Last week, while commemorating the Vendée, I reproduced here an image of their banner. Matterhorn, whom I cited in my article on the Romanovs, left a compliment as to its beauty, this immaculate white banner which flapped proudly in the breeze as though it were a small piece of France's baptismal garment while observing both dreadfully the horrors inflicted on the people and the countryside by the infernal columns and proudly those true sons of Catholic France courageously fulfilling their Christian duty. So I decided that tonight I'd write a little series on ancient flags of France.
I must first note that there was no real national flag per se until the adoption of the tricouleur during the French Revolution; the flags before that time would either have been the kings' personal banner or the naval ensign. The first of these personal banners was the storied oriflamme, seen here in the hands of Philippe Auguste. This flag is a sacred relic of St. Denis, the patron saint of France, as it is said that its red colour results from it being dipped in the blood of the martyred saint (from whom as well is the war-cry of France, "Montjoie St. Denis!") In times of peace, the oriflamme remained in the reliquary of the abbey of St. Denis. Like many ancient relics, the story of its origin is rather convoluted, and the mediaeval texts do not agree with one another, with many dating it to Charlemagne, considering a gift from the Pope to Charlemagne, and even linking it to the lance of Constantine, part of the reliquary of the Holy Roman/Austro-Hungarian emperors.

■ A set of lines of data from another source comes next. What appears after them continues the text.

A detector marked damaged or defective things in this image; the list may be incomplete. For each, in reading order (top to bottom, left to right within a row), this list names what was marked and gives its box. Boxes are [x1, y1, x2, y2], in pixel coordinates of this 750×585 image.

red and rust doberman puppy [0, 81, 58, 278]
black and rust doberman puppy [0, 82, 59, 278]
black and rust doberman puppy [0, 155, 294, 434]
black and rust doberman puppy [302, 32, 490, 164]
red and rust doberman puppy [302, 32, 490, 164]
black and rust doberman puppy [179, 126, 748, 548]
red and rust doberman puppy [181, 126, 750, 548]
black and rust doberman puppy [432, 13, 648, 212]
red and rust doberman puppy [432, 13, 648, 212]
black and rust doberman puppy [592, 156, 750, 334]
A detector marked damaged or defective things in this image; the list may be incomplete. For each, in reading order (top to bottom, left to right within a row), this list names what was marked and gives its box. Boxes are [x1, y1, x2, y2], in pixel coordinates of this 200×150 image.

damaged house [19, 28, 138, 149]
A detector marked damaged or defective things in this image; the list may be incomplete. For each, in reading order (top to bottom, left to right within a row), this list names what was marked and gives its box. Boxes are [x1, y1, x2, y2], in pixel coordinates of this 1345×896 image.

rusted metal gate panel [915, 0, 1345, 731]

Whatever the origins of the oriflamme, however, it was seen as a holy gift, and a sure sign of God's grace on the king and the king's men, and always led them into war.

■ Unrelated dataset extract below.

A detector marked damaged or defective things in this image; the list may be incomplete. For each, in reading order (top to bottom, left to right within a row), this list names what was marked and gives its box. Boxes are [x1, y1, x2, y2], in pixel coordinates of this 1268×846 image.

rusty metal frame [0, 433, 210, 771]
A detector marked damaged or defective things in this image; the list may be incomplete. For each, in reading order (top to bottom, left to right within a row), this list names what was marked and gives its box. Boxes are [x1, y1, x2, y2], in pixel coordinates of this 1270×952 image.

In general usage, however, the three fleurs-de-lys of the king's coat of arms were adopted into what would be nowadays called a national flag. "Azure, three fleurs-de-lys or" is still used in the heraldry of Île-de-France and several other régions and départements of France. I am personally proud to fly this drapeau on eminent occasions.

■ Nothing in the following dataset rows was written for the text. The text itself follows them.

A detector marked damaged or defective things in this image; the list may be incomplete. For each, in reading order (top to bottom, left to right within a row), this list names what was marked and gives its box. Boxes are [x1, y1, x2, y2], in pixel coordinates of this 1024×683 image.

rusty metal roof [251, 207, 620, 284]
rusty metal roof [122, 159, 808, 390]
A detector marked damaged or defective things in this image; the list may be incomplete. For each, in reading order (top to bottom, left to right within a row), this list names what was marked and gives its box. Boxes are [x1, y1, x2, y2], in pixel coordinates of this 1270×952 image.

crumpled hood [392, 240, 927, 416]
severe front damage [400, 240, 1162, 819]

During and after the Hundred Years' War, however, white flags came to be used more often, in honour of the white flag carried by Jeanne d'Arc (which also contained several fleurs-de-lys and prominently the words "Jhesus Maria." Often used as well was a white cross, usually on the same blue background of the pictured flag. Add a fleur-de-lys to each quarter of that, and you have the flag of Québec, on which more later.